■ **Exercise requirements**: Starting with the first line below, extract each line through the one that contains "To place a short", inclusive, excluding pictures.

■ **Available data**:
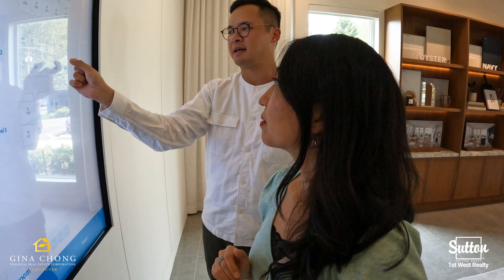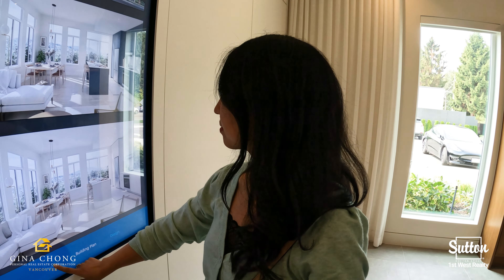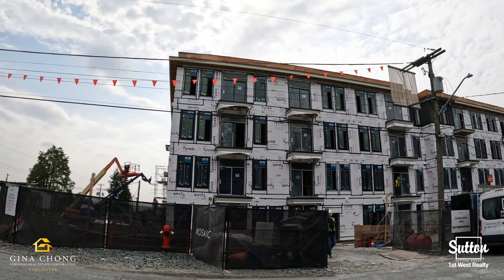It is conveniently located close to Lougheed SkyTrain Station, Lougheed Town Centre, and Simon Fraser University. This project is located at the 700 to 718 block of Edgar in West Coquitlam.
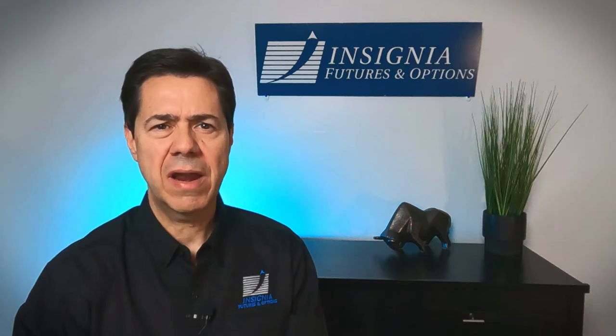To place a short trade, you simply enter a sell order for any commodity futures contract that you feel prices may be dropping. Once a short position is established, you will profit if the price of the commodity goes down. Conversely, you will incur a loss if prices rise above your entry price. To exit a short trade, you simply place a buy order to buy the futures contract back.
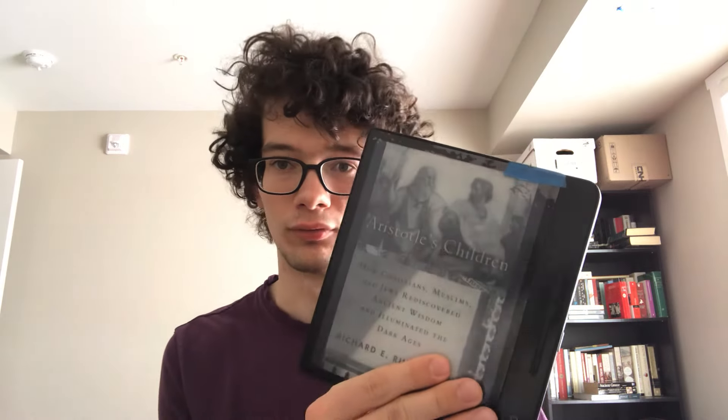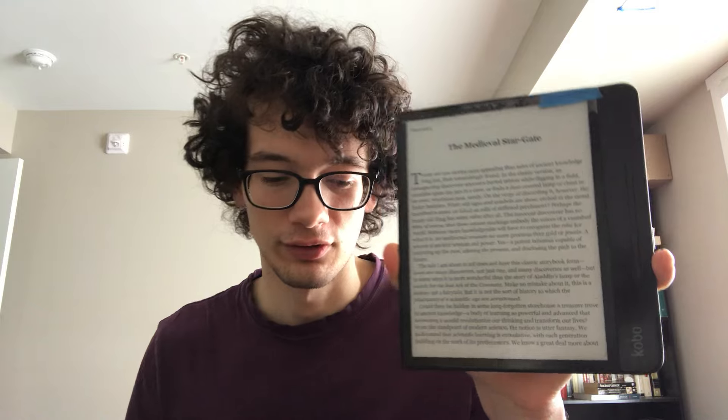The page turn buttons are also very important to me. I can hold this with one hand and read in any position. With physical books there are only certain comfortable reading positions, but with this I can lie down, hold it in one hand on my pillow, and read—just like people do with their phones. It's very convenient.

■ **Answer to the exercise**:
It is conveniently located close to Lougheed SkyTrain Station, Lougheed Town Centre, and Simon Fraser University. This project is located at the 700 to 718 block of Edgar in West Coquitlam.
To place a short trade, you simply enter a sell order for any commodity futures contract that you feel prices may be dropping. Once a short position is established, you will profit if the price of the commodity goes down. Conversely, you will incur a loss if prices rise above your entry price. To exit a short trade, you simply place a buy order to buy the futures contract back.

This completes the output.